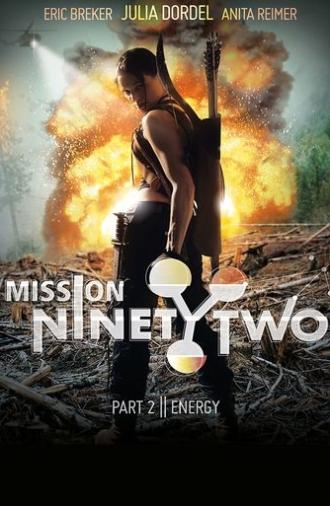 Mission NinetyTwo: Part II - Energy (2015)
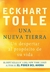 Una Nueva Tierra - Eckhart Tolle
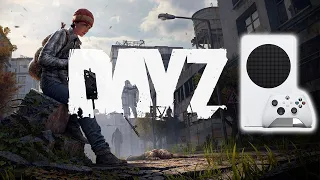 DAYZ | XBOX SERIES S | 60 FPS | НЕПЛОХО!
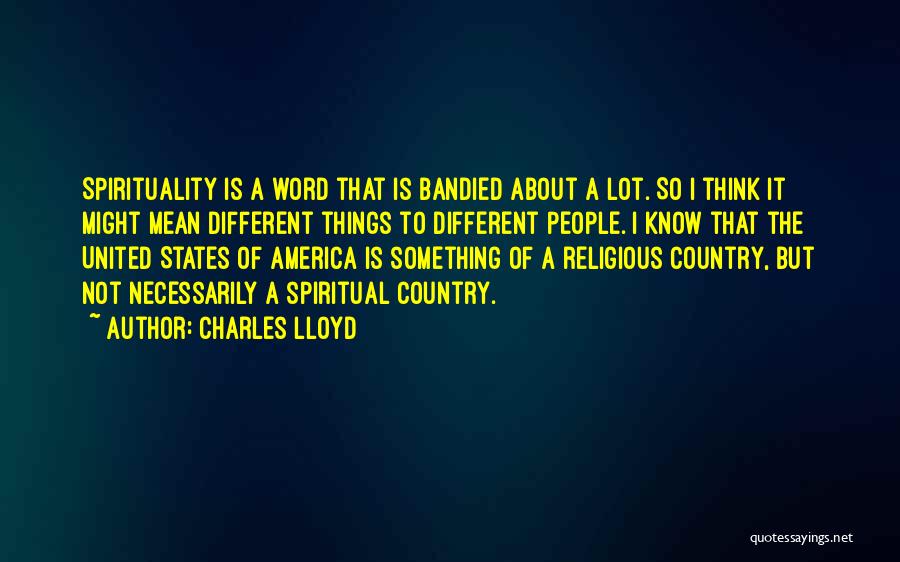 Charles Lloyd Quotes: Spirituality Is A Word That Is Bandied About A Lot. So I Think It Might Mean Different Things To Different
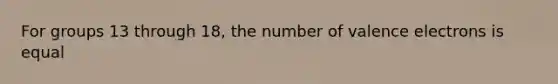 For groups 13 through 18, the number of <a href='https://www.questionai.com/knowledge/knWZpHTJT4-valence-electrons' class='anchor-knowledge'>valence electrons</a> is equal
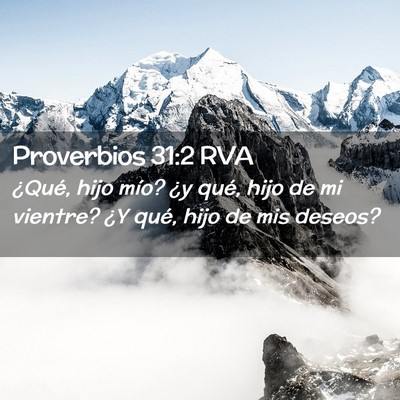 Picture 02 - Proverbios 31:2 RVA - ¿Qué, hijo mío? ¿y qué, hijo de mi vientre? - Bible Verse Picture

...

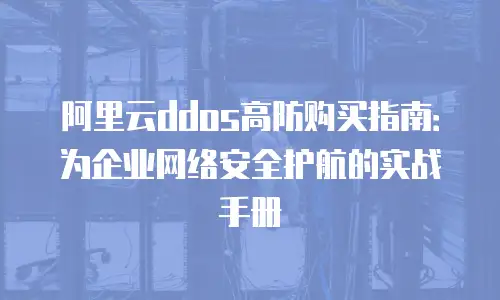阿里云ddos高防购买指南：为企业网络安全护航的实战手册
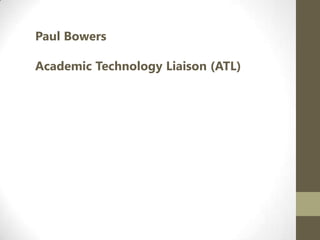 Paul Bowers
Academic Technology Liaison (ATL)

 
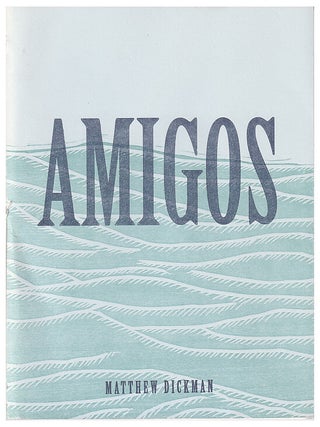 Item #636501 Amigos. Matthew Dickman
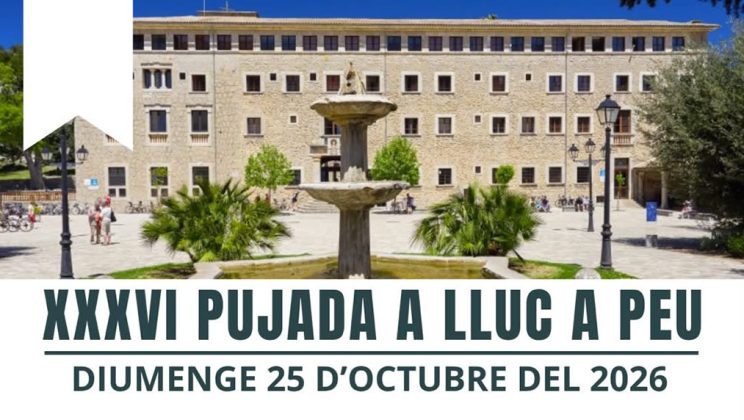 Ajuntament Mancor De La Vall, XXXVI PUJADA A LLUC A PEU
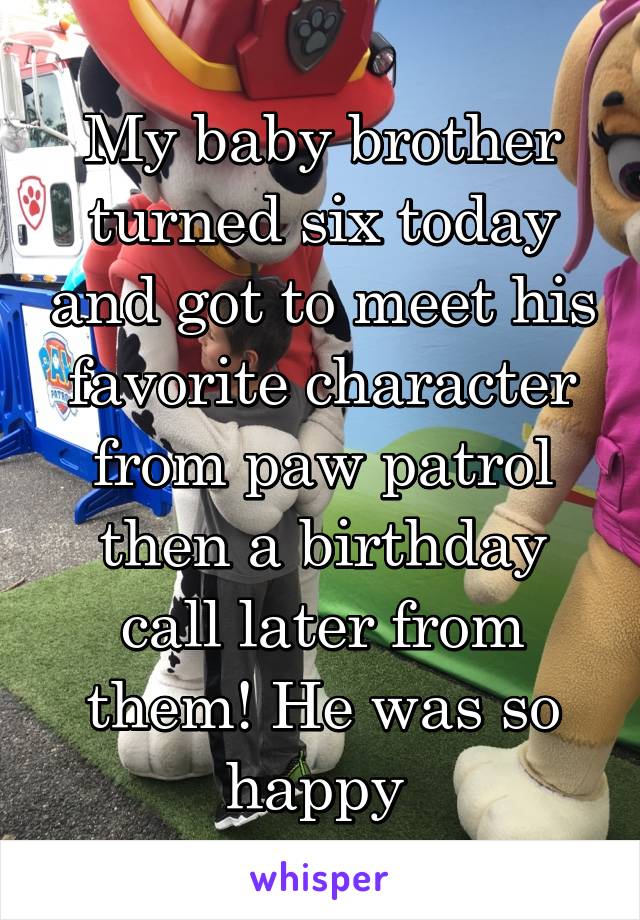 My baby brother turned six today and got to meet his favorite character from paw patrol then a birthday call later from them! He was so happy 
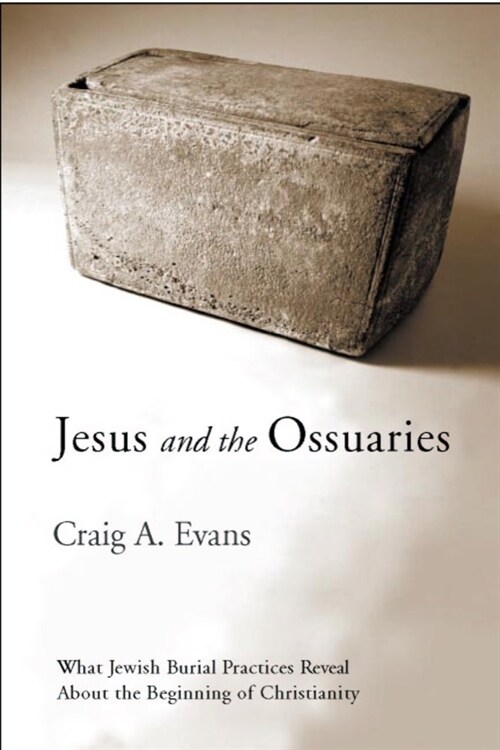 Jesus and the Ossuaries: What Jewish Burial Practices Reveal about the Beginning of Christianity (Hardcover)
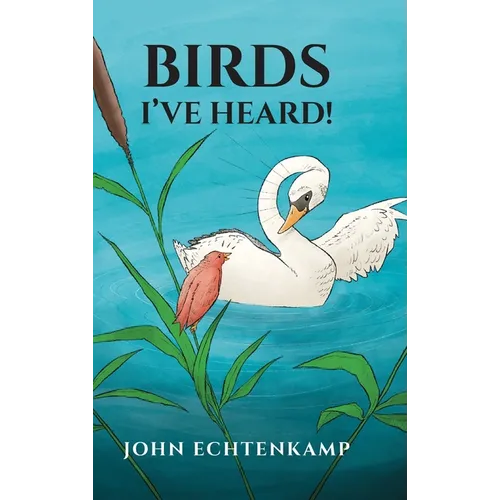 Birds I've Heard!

• Task objective: Everything above from the line with "Mission NinetyTwo: Part II - Energy (2015)" through the line with "For groups 13" should be retyped exactly, and nothing else; omit pictures.

• Solved exercise:
 Mission NinetyTwo: Part II - Energy (2015)
 Una Nueva Tierra - Eckhart Tolle
 DAYZ | XBOX SERIES S | 60 FPS | НЕПЛОХО!
 Charles Lloyd Quotes: Spirituality Is A Word That Is Bandied About A Lot. So I Think It Might Mean Different Things To Different
 For groups 13 through 18, the number of <a href='https://www.questionai.com/knowledge/knWZpHTJT4-valence-electrons' class='anchor-knowledge'>valence electrons</a> is equal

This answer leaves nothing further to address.